Wat heb je nodig? (voor ca 10 kleine cannoli)
Voor de koekjes
- 86 gr bloem tipo 00 (of anders patentbloem)
- 10 gr fijne suiker
- 10 gr kokosolie of harde boter (koud, niet gesmolten dus!!)
- 2 gr bittere cacaopoeder
- snufje kaneel
- snufje zout
- 10 gr ei (ongeveer een half ei, bewaar de rest)
- 3 gr witte wijnazijn
- 17 gr marsala of andere dessertwijn
- cannoli vormpjes
Voor de vulling en afwerking
- 500 gr ricotta (2 kuipjes) of zelfgemaakt
- 2-3 eetlepels poedersuiker
- 50 gr pure chocolade
- rasp van biologische citroen
- garnering: gepelde pistachenootjes, geconfijte sinaasappelschillen, geconfijte kersen etc.
Hoe begin je eraan?
- Laat de ricotta uitlekken in een vergiet. Dit kun je eventueel al de dag ervoor doen. Laat het tot gebruik in de koeling staan.
- Maak het deeg door eerst de droge ingrediënten in een kom te doen en dan de vochtige ingrediënten erbij te mengen. Kneed tot een homogeen deeg. Verpak in huishoudfolie en laat een tweetal uurtjes in de koelkast opstijven.
- Haal het deeg een half uurtje voor gebruik uit de koeling. Snij er een stukje af en haal deze door de grove stand van de pastamachine. Het deeg zal scheuren, maar blijf dubbelvouwen en er weer opnieuw doorhalen. Je zult merken dat het steeds makkelijker gaat. Het is belangrijk om het deeg echt heel vaak dubbel te vouwen en weer opnieuw erdoor te halen. Op deze manier vorm je een soort laagjes en krijg je straks de bolletjes als je gaat bakken. Dat willen we.
- Als je het deeg zeker 10 keer hebt gevouwen en opnieuw erdoor hebt gehaald, ga je steeds een stand fijner. Ga door tot de een na laatste stand.
- Snij de randen bij en snij vierkantjes van ongeveer 10 cm. Of de breedte van je vorm. Plak de hoekjes vast met het restje ei dat je nog hebt.
- Als je alle vormpjes met deeg hebt omwikkeld laat je ze even 10 minuten drogen. Ondertussen kun je de olie verhitten.
- Verhit een frituurpan of andere pan met een neutrale olie die goed tegen verhitten kan. Verhit tot 180 graden.
- Bak de cannoli om de beurt een minuutje. Laat ze uitlekken en iets afkoelen. Schuif voorzichtig de vorm er tussenuit.
- Begin nu weer opnieuw met het deeg te rollen en eromheen te wikkelen. Bak ze. Doe dit totdat je al het deeg hebt opgebruikt.
- Maak de vulling met de ricotta, citroenrasp, gehakte pure chocolade en poedersuiker. De koekjes zijn niet zoet, dus de ricotta mag best wat zoeter. Proef even, want ik vind het heel moeilijk om hiervoor hoeveelheden aan te duiden. Maak het zoals jij het lekker vindt.
- Vul de cannoli met de ricotta. Doe dit met een spuitzak. Ik gebruikte hiervoor een plastic zakje waar ik een puntje vanaf knipte. Werkt prima.

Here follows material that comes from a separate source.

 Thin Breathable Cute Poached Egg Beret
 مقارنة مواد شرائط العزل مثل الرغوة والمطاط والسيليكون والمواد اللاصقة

- Hak wat pistachenootjes voor de garnering. Garneer de cannoli met aan één kant de pistachenootjes en aan de andere kant de geconfijte kers.
- Bestrooi met poedersuiker.
- Tip: Vul alleen de cannoli die je op dat moment eet. De koekjes kun je gemakkelijk in een afgesloten doos een paar dagen bewaren. De ricotta ook in de koeling. Maak ze dus elke keer vers. Als je ze allemaal vult maar niet allemaal opeet, dan worden ze zacht.